For the average American interested in military history, the North Vietnamese Army soldier, or bo doi, has held little of the fascination generated by such enemy soldiers as the British Redcoats or the Japanese kamikazes. For all its troops’ near-nondescript appearance, however, the United States’ ultimate failure to defeat what was primarily a light infantry army gives the NVA a unique distinction that warrants its fair share of attention.

In No. 135 of Osprey’s “Warrior” series, Gordon Rottman, a Special Forces Vietnam veteran with background in intelligence, among other things, has compiled a detailed dossier on the recruiting, training, indoctrination, equipment, tactics, morale and everyday life of the bo doi.

As with so many aspects of the Vietnam War, interesting contradictions emerge. The NVA soldier made his way south down the Ho Chi Minh Trail with cunning and patience, sometimes taking up to six months when inclement weather and enemy interdiction measures interfered.

The North Vietnamese Army soldiers’ resourcefulness and endurance in the field was quite remarkable. Yet when committed to pitched battles, especially storming firebases, the NVA displayed an obliviousness to the concept of fire and maneuver. Contrasted with the stealthy approaches of their sappers, the NVA rank and file’s suicidal rushes on fortified positions often resulted in 50 percent casualties.

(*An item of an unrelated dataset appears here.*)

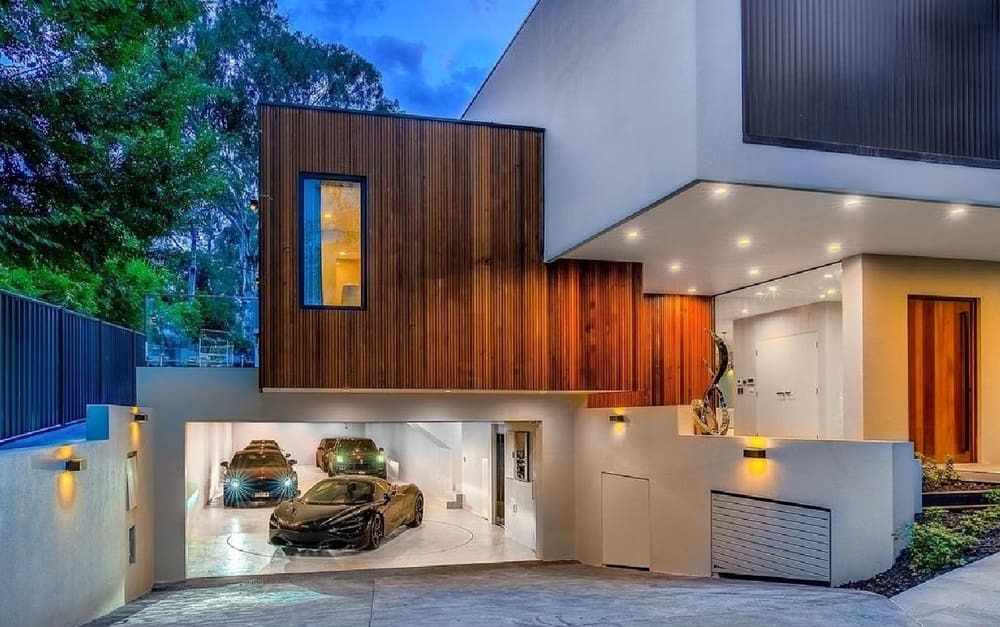 Nhà hiện đại với gara ô tô sang trọng, ánh sáng ban đêm, thiết kế gỗ và kính, không gian sống đẳng cấp.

For those who may wonder how the NVA prevailed in the end, Rottman’s description of the usually improvised, and frequently appalling, medical facilities available to the wounded—if they were available at all— might leave them still wondering. That they prevailed just the same might explain an adjunct of Murphy’s Law for Grunts I used to hear in the Army: “The side with the simplest uniforms wins.”

North Vietnamese Army Soldier 1958-75 should give the Vietnam War scholar a better idea of what the Americans and South Vietnamese were up against. It should also leave Vietnam veterans counting some blessings that, the war’s outcome notwithstanding, he did not have to fight it the enemy’s way.